### Exercise goal:
With the pictures removed, retype the lines from the one holding "11 Pcs Rabbit" through the end of the records, exactly as written.

(Brief descriptive captions)
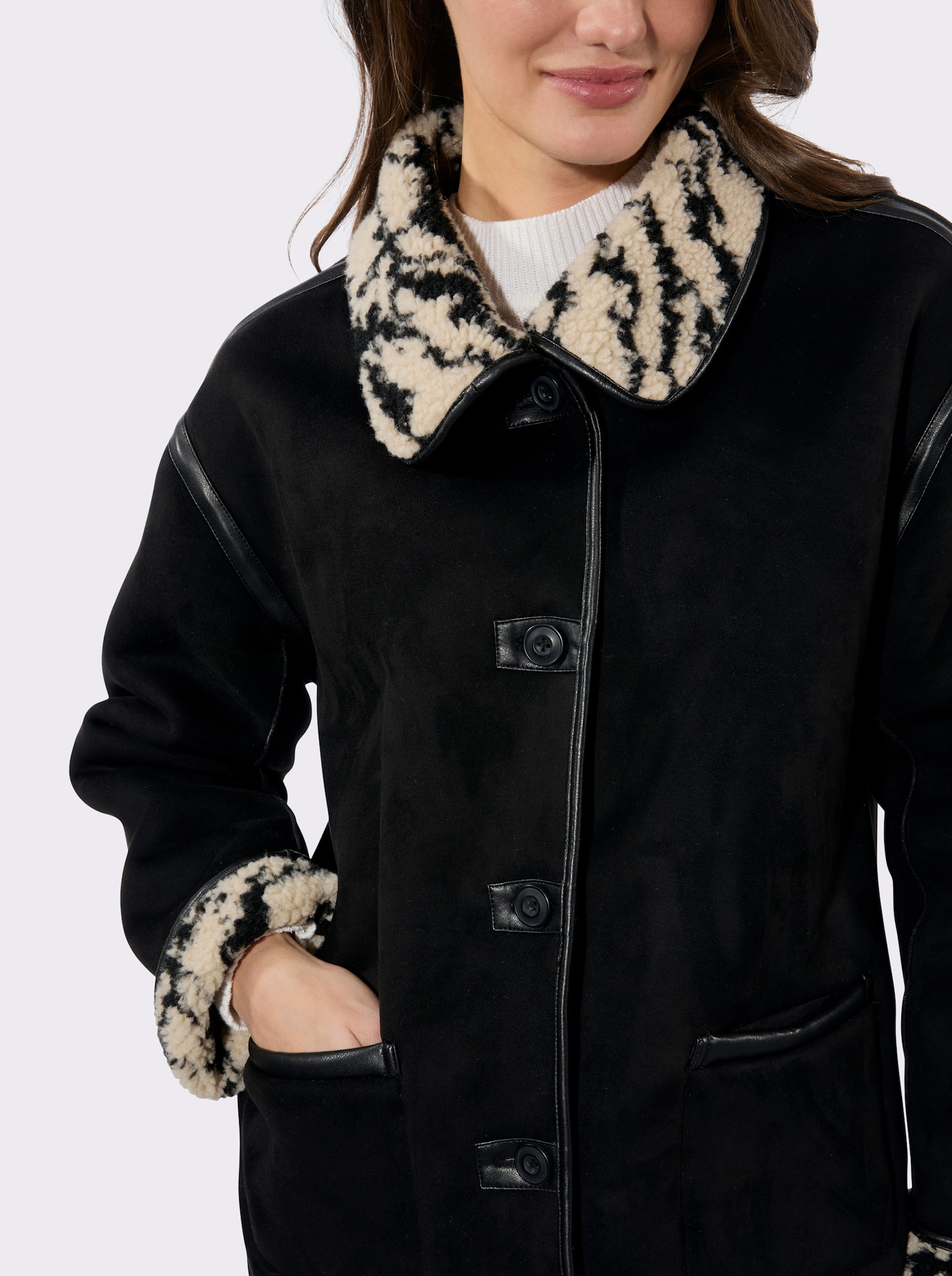 Winterjacke mit Teddyfleece-Futter - schwarz
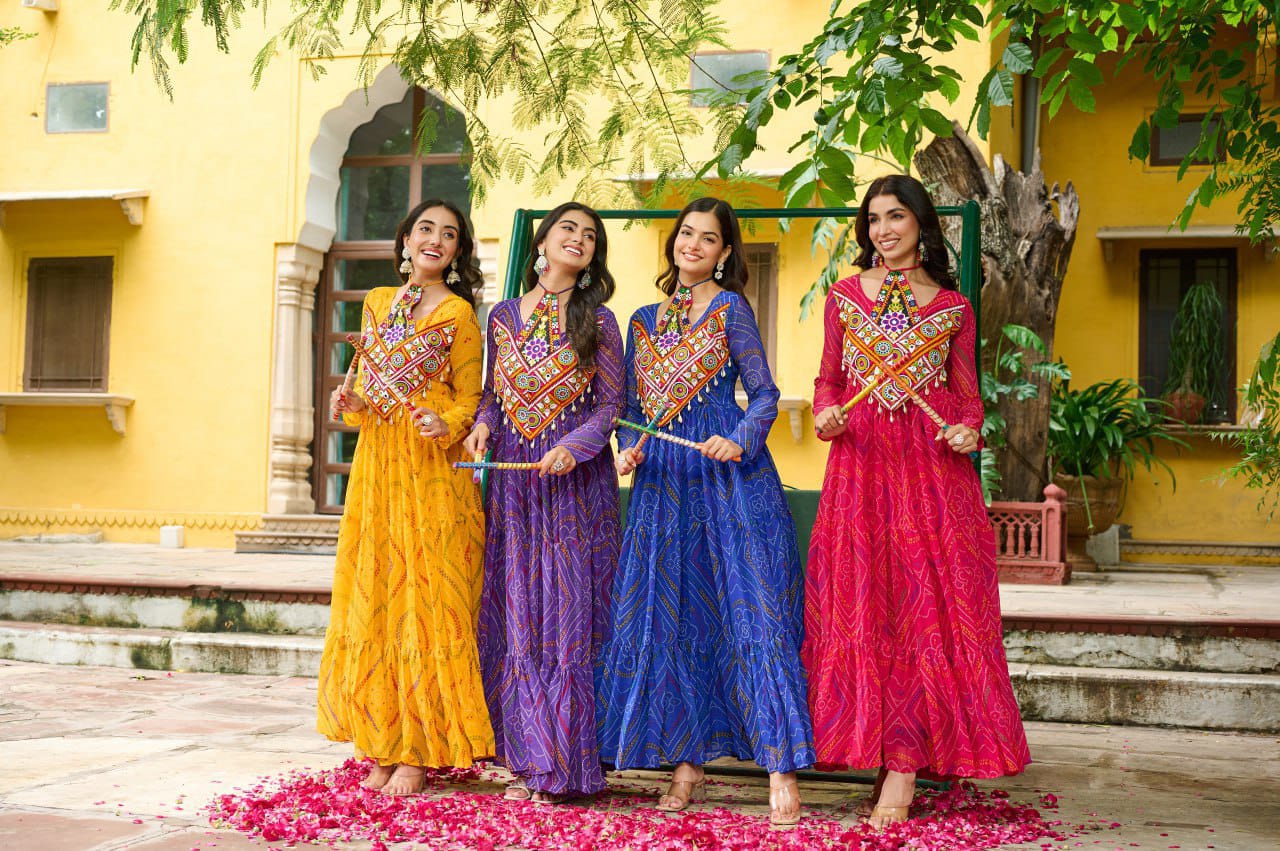 Navratri Special Bandhani Printed Work With With Kutchi Patchwork Gown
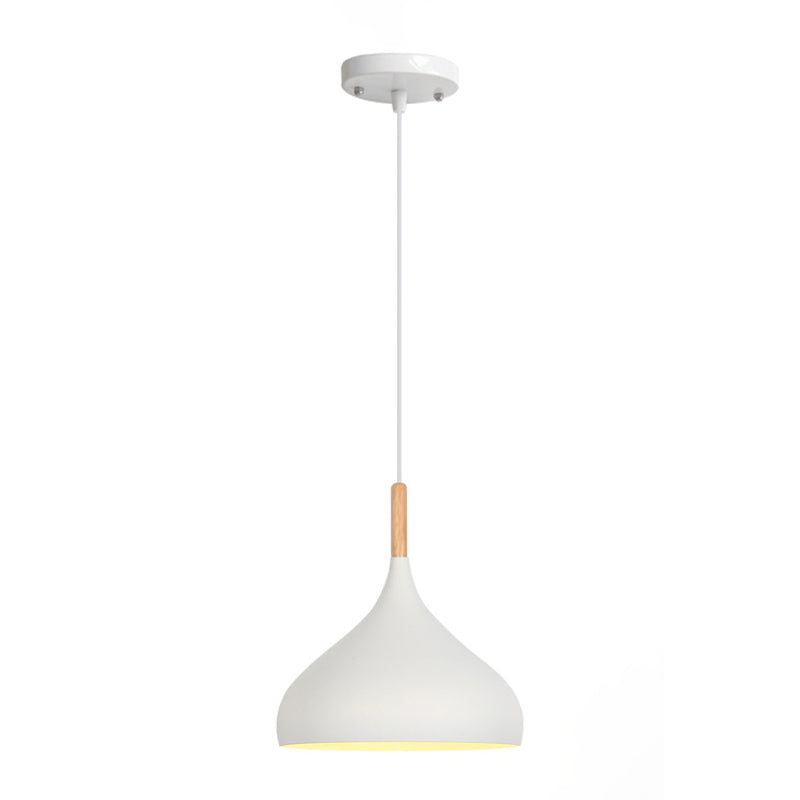 Pot Cover Shape Hanging Lighting Modern Metal 1 Light Pendant Lamp for Living Room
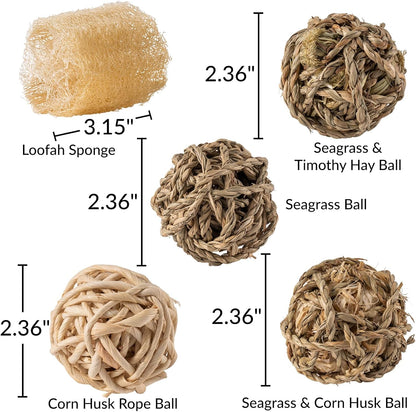 11 Pcs Rabbit Chew Toys, Interactive Bunny Foraging Toy, Natural Materials, Loofah Sponges, Seagrass Balls, Dental Cleaning, Relieve Stress7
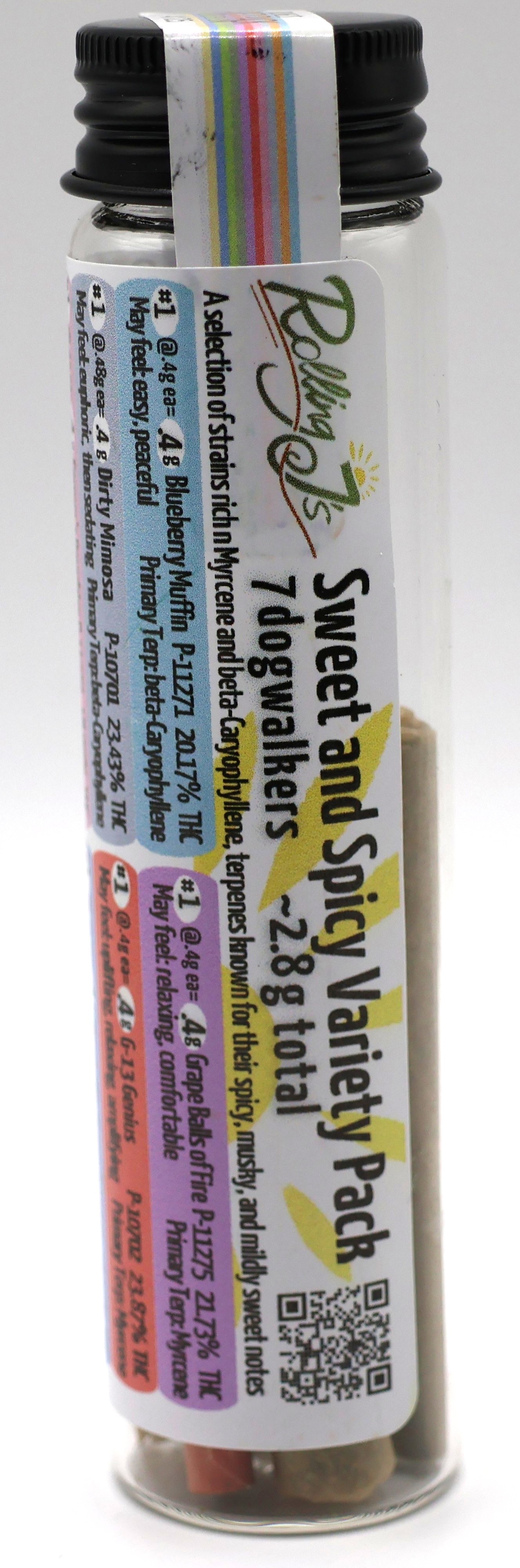 Photograph of product: Rolling J's | Sweet & Spicy Variety Pack | 7-Pack Dogwalkers | 2.7g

### Problem solution:
 11 Pcs Rabbit Chew Toys, Interactive Bunny Foraging Toy, Natural Materials, Loofah Sponges, Seagrass Balls, Dental Cleaning, Relieve Stress7
 Photograph of product: Rolling J's | Sweet & Spicy Variety Pack | 7-Pack Dogwalkers | 2.7g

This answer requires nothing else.